## AIM OF THE TASK
Scan the entries below. List each line with "Square".

(Beginning of LISTED RECORDS)

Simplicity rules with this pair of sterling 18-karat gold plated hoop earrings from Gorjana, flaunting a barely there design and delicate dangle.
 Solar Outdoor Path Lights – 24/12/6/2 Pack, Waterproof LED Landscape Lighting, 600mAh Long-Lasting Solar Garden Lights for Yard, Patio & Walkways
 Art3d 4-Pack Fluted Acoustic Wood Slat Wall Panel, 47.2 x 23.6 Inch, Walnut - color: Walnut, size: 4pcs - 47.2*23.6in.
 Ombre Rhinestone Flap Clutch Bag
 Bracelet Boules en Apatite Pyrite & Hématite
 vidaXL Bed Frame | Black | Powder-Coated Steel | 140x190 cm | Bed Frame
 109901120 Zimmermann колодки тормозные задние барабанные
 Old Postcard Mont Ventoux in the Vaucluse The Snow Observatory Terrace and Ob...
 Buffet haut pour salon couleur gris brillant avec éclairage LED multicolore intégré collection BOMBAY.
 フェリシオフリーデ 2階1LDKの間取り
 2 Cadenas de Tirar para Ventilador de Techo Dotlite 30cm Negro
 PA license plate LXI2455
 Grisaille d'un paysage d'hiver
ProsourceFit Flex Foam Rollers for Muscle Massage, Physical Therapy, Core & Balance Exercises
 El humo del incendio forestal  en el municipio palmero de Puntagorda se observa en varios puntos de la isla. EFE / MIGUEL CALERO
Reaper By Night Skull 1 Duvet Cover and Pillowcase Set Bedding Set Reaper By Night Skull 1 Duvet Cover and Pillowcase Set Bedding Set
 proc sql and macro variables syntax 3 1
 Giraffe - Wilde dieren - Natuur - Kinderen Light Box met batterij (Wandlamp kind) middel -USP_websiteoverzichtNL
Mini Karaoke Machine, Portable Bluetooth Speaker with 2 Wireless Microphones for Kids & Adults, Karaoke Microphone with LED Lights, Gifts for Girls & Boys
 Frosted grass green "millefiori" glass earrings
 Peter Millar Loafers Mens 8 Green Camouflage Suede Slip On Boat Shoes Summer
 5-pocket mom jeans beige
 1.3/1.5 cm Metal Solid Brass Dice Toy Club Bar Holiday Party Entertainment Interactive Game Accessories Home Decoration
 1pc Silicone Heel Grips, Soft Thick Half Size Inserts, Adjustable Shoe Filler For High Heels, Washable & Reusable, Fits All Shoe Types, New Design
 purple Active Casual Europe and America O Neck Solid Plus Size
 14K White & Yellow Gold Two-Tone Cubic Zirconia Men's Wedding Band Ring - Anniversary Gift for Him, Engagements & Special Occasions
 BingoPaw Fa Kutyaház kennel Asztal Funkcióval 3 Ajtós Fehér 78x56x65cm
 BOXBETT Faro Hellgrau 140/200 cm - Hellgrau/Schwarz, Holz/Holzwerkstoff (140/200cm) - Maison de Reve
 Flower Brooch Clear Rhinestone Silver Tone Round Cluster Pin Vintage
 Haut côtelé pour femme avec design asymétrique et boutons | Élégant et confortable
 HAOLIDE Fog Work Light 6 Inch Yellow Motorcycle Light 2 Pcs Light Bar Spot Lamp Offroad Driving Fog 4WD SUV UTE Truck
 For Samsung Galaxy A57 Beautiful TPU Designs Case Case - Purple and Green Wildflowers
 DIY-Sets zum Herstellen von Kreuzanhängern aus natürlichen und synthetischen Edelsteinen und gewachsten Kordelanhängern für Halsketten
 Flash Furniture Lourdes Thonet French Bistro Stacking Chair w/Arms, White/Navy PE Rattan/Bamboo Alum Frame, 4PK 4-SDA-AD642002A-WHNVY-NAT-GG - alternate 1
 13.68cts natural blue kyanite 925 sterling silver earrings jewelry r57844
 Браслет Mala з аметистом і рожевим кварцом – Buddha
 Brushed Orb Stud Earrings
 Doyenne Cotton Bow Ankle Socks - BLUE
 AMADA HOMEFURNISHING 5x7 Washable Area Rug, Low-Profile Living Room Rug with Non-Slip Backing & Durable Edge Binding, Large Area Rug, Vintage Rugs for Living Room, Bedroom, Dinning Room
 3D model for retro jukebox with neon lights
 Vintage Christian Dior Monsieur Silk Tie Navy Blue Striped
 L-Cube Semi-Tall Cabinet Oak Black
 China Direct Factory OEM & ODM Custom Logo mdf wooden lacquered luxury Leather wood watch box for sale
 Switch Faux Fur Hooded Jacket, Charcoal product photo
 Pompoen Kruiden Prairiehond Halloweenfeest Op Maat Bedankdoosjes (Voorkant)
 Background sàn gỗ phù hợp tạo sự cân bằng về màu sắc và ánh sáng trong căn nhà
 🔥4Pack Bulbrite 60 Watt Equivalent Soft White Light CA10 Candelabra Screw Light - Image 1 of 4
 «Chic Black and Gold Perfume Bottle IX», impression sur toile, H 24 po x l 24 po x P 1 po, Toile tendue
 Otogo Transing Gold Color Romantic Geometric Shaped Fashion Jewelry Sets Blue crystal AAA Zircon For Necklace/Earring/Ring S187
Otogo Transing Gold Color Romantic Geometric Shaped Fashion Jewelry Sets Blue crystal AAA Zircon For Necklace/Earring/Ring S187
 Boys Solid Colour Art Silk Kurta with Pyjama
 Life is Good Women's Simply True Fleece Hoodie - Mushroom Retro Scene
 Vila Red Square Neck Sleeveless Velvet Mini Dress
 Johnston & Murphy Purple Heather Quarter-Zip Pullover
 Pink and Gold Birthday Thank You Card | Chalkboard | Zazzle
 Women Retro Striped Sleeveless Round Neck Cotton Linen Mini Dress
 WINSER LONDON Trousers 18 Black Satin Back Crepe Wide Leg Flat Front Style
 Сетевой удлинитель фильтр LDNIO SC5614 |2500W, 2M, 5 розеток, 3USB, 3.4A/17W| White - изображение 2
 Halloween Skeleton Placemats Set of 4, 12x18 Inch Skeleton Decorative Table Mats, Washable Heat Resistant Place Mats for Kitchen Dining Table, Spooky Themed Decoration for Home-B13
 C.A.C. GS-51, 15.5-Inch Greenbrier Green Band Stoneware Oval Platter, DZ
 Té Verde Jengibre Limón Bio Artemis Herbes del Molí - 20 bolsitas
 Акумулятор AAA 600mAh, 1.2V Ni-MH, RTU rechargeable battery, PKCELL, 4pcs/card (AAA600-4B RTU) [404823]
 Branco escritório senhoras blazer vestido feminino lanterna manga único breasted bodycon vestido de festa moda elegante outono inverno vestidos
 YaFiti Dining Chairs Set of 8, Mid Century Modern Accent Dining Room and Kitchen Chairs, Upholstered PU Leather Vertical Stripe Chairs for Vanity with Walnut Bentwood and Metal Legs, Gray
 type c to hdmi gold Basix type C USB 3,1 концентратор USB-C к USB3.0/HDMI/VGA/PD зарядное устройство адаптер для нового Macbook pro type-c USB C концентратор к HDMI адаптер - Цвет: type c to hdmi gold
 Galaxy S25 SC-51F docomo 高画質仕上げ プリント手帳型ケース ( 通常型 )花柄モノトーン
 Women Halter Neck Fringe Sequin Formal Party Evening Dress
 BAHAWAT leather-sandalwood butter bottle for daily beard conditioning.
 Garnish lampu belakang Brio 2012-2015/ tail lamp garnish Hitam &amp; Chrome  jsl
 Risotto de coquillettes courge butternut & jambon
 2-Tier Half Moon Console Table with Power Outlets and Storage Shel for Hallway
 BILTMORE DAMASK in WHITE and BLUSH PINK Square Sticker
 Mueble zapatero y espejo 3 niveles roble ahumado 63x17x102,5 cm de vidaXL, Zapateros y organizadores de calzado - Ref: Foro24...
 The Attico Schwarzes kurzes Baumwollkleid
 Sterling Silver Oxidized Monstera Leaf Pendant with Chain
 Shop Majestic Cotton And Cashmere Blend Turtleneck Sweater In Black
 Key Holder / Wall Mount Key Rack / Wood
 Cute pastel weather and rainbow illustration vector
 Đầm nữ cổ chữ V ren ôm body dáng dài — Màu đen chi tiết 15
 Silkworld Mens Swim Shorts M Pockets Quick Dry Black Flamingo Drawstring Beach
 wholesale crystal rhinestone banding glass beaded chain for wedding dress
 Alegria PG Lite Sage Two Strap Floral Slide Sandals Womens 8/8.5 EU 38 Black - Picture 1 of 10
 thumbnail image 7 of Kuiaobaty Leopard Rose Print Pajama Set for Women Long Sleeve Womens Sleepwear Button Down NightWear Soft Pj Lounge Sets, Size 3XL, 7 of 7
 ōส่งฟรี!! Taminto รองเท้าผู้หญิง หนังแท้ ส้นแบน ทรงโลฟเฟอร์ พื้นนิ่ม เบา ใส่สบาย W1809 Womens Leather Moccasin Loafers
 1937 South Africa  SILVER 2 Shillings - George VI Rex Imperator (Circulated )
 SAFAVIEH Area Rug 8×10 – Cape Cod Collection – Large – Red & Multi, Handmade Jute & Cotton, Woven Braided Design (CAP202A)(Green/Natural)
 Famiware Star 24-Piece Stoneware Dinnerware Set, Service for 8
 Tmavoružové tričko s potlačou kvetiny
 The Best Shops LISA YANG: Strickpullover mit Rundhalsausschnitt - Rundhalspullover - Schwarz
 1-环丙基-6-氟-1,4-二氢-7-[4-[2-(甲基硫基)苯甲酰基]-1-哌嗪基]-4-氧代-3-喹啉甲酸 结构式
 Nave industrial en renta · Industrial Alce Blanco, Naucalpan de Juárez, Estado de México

(End of LISTED RECORDS)

## EXERCISE SOLUTION
 Vila Red Square Neck Sleeveless Velvet Mini Dress
 BILTMORE DAMASK in WHITE and BLUSH PINK Square Sticker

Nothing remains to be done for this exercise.